This time the honor goes to Philadelphia Cream Cheese, whose latest tagline creation is (get ready for it) Pheel the Moment. The commercial features a young, implausibly attractive and happy couple sharing a sumptuous breakfast in bed. It’s a predictable pastiche of warm, fuzzy moments to the tune of what I gather is Philly’s theme song, “Spread a little love today.” (Which would have made a much better tagline, come to think of it.)

Now before you write me off as a whiner, let me say that I could have handled the tagline “Feel the Moment.” Sure, it would have been stupid, schmaltzy and grandiose. (Like cream cheese is really gonna help me feel the moment.)  A typical commercial, in other words.

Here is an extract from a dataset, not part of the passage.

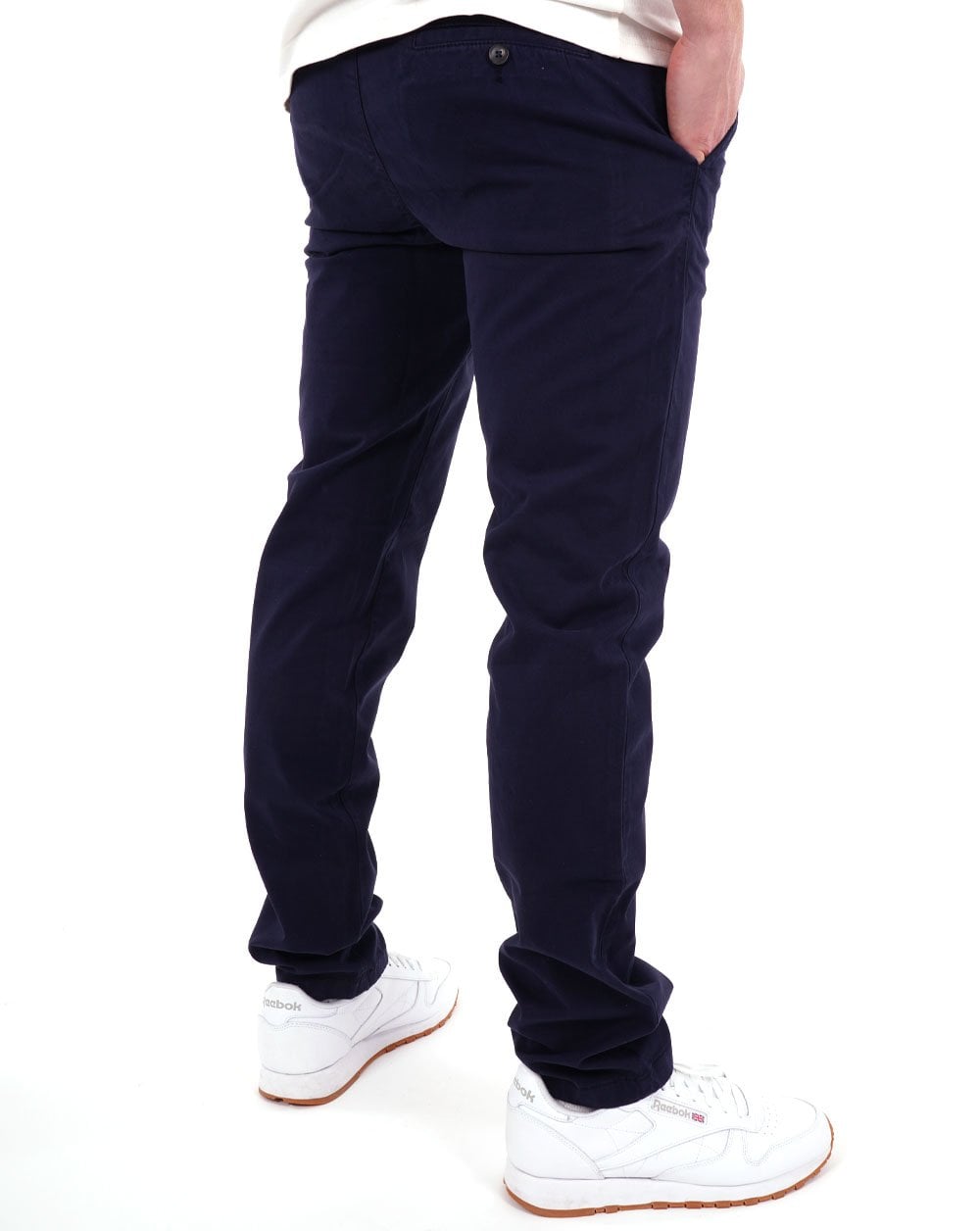 Benetton Chinos Marineblau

But “Pheel the Moment”? Really? That’s beyond cheesy.

Yes, there’s phish and phat and all of that, but those “f”-turned-“ph” words have new meanings that go with their new spellings, and serve some linguistic purpose. The only purpose Philly’s ploy serves is to demonstrate the lengths they’ll go to try to promote their brand name.

It gets worse. According to one cooking blog I found, a recent Philly print ad is headlined “Pheel triumphant.” (Could this possibly be true?) And lest you think this is a recent aberration, a little brain burp on the part of Philly’s fevered marketers, I discovered a 2009 Philly commercial that ends with the line “Spread warm pheelings.” Compared to that, “Pheel the moment” is practically poetry.

Sorry, Philly, we’re taking away some of your consonants until you learn how to use them.

While we’re on the subject of “f” words, did you catch the recent kerfuffle over Unilever’s German advertising campaign for their low-calorie food line Du Darfst?  Unilever’s promoting Du Darfst foods (which you can allegedly eat without feeling like you’re on a diet) using the tagline “Fuck the Diet.” (The tagline was toned down on Facebook to “F*** the Diet.”)

Frankly, compared to Philly’s bastardization of the word “feel,” I don’t find Unilever’s use of the mother of all “f” words very shocking. (Although certain German consumers disagree.)

Of course in America, censors aside, creating a tagline like “Fuck the Diet” wouldn’t have been a smart play. The f-word is still too charged here to be used in marketing, either in print or graphically (and I mean that in the design sense) without calling more attention to itself than the overall message it’s being used to convey.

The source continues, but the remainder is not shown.